互穿网络海藻酸盐凝胶球的制备及其吸附水中磷酸盐性能研究

发布时间：2018-04-16 17:31

本文选题：凝胶球 + 吸附　；参考：《广州大学》2017年硕士论文

【摘要】：随着人类工农业生产和生活的快速发展,含磷废水由于某些原因未经处理或未达标就排入水体,可能造成水体富营养化问题。然而,随着自然界有限磷资源的日益减少,污水中的磷对于农业肥料生产却是一种重要的资源。
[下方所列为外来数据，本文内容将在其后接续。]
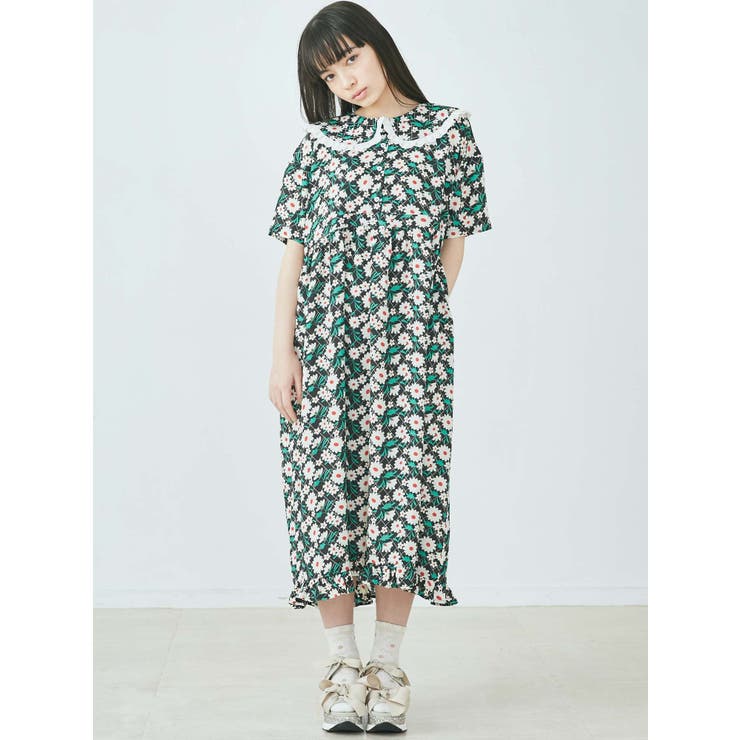 チェックとおはなのブラウスワンピース 品番 Mksw Merry Jenny メリージェリー のレディースファッション通販 Shoplist ショップリスト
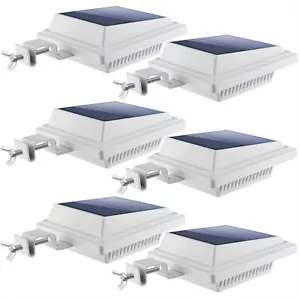 6 x Solar Powered 40LED Gutter Light Outdoor Garden/Yard/Wall/Fence/Pathway Lamp - Picture 1 of 12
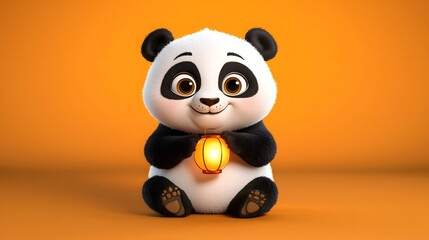 Naklejka premium Adorable Fluffy Cartoon Panda Holding Glowing Orb on Orange Background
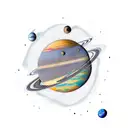 Solar system tattoo design idea
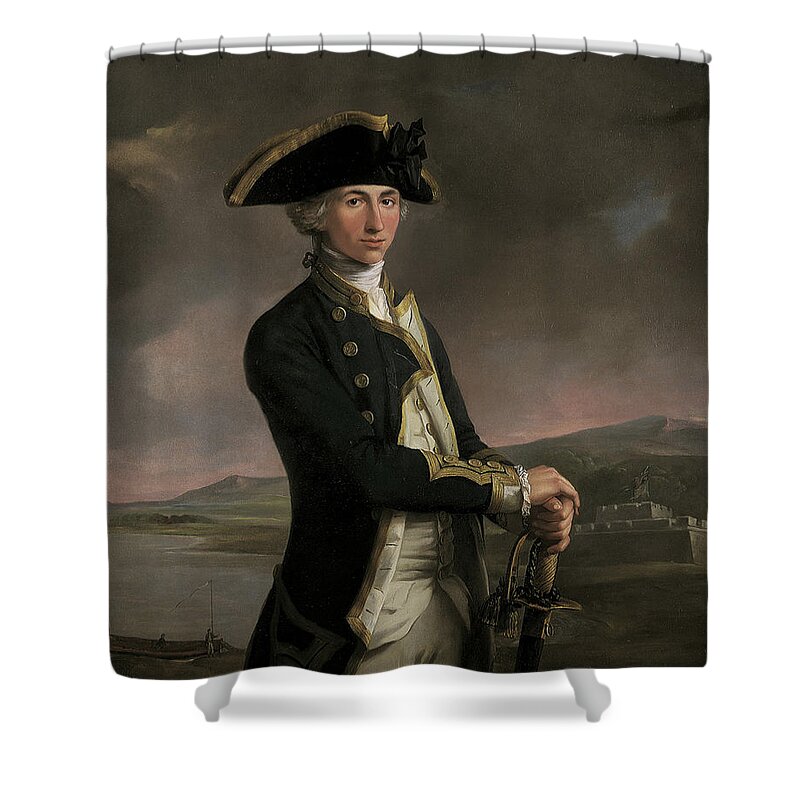 Young Captain Horatio Nelson Shower Curtain featuring the painting Young Captain Horatio Nelson by MotionAge Designs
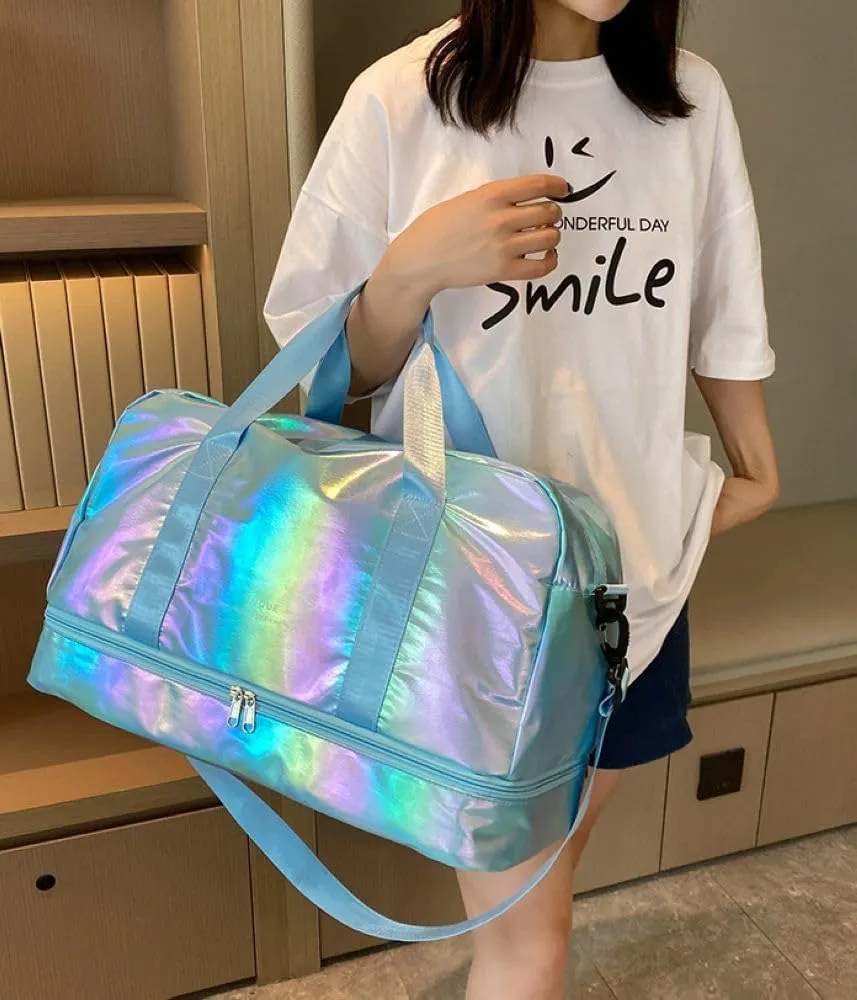 Gym Bag for Women,Sports Travel Duffel Bag, Weekender Overnight Bag with Wet Pocket and Shoes Compartment for Women, Travel,Workout,Gym, Yoga G17 (Blue)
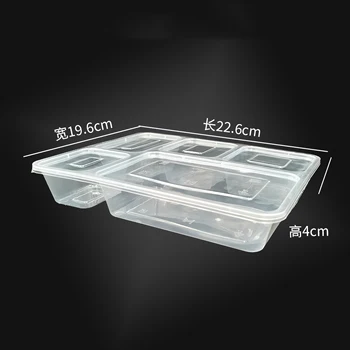 New Chinese Style 5-Compartment Food Tray, Large Disposable Takeaway Box, Premium PP Meal Container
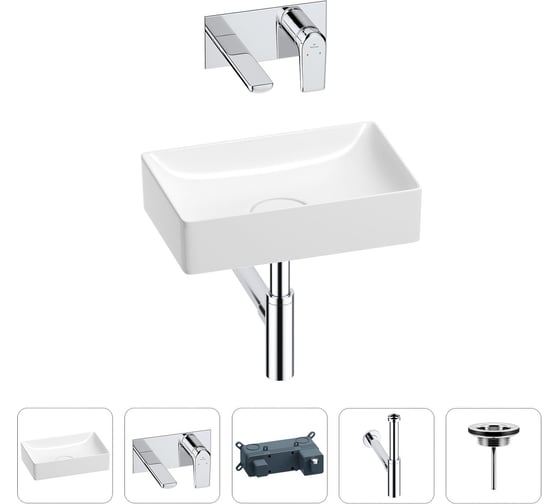 Изображение товара Раковина для ванной Wellsee Pure BY в наборе 4 в 1 201002576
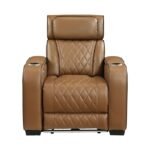 9516BRW-1PWH Power Reclining Chair with Power Headrest, Cup holders and Storage Arms(Top and Side), Charging Ports and LED lighting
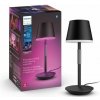 8719514404595 Philips HUE Go prenosná dotyková stolná lampička LED 36cm 6,2W/530lm CCT+RGB IP54 čierna bluetooth vrátane batérie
因此,开发一种实现废水中磷的有效去除和回收的经济、高效技术显得迫在眉睫。在众多废水除磷技术中,吸附法因其独特的优势受到人们的重视,而吸附剂的选择对处理效果具有决定性的影响。传统吸附剂材料大多存在成本高、吸附容量较低、不可降解及循环利用性较差等问题,为此本课题开发一种低成本、高吸附能力、易重复使用且环境友好的互穿网络海藻酸盐凝胶球用作新型除磷吸附剂,为利用吸附技术解决污水中磷的有效去除和回收再利用提供新的思路和理论基础,同时拓展高分子材料在环境领域的应用。本文通过化学交联法制备互穿网络聚N-异丙基丙烯酰胺/海藻酸锆(PNIPAM/SA-Zr)凝胶球和磁性聚丙烯酰胺/海藻酸锆(Fe3O4@PAM/SA-Zr)凝胶球,使用扫描电镜、傅里叶变换红外光谱和X射线光电子能谱等手段对其物化性质进行表征,通过人工配制含磷废水研究其吸附磷酸盐的性能,探讨其吸附动力学、等温线和热力学以研究吸附机理,并考察凝胶球的解吸附、再生及重复使用性能和固定床吸附柱的吸附性能,以期为海藻酸盐凝胶球吸附剂的实际应用提供理论依据。本文取得的主要研究结果如下:(1)表征结果表明制备的PNIPAM/SA-Zr和Fe3O4@PAM/SA-Zr凝胶球聚合形态良好,呈球形,具有大孔隙或孔洞,热稳定性和机械性能良好;特别的,Fe3O4@PAM/SA-Zr凝胶球具有磁性,在磁场作用下很容易实现分离。(2)静态批次试验结果表明:PNIPAM/SA-Zr凝胶球吸附磷酸盐的最佳条件为溶液pH=2,投加量0.05 g,温度35℃,其最大吸附量为36.63 mg-P/g;Fe3O4@PAM/SA-Zr凝胶球吸附磷酸盐的最佳条件为溶液pH=2,投加量0.05 g,温度25℃,其最大吸附量高达42.23 mg-P/g;增加Zr4+含量可以显著提升凝胶球的吸附能力;SO42-的存在不利于凝胶球吸附磷酸盐,而Cl-和NO3-几乎没有影响;凝胶球具有良好的循环使用能力,7次吸附-解吸附循环后球体结构保持完整。(3)磷酸盐在PNIPAM/SA-Zr和Fe3O4@PAM/SA-Zr凝胶球上的吸附过程符合准二级动力学模型和颗粒内部扩散模型以及Freundlich吸附等温模型,表明其受表面吸附和颗粒内扩散机制的联合控制,且是一种多分子层、非均相吸附过程。吸附热力学研究表明其可自发进行,为放热反应,吸附后整个体系的混乱度降低。(4)PNIPAM/SA-Zr和Fe3O4@PAM/SA-Zr凝胶球吸附磷酸盐受物理吸附和化学吸附共同作用,其反应机理为被固化的Zr4+与磷酸根离子发生了配位络合反应,生成化学键。此外,凝胶球表面的羟基、亚氨基和氨基在酸性条件下发生质子化而带正电,在静电力作用下,吸附带负电的磷酸根离子。(5)PNIPAM/SA-Zr和Fe3O4@PAM/SA-Zr凝胶球动态吸附试验表明:进水流速过大或进水浓度过高会降低吸附柱的吸附效果,应根据实际情况确定。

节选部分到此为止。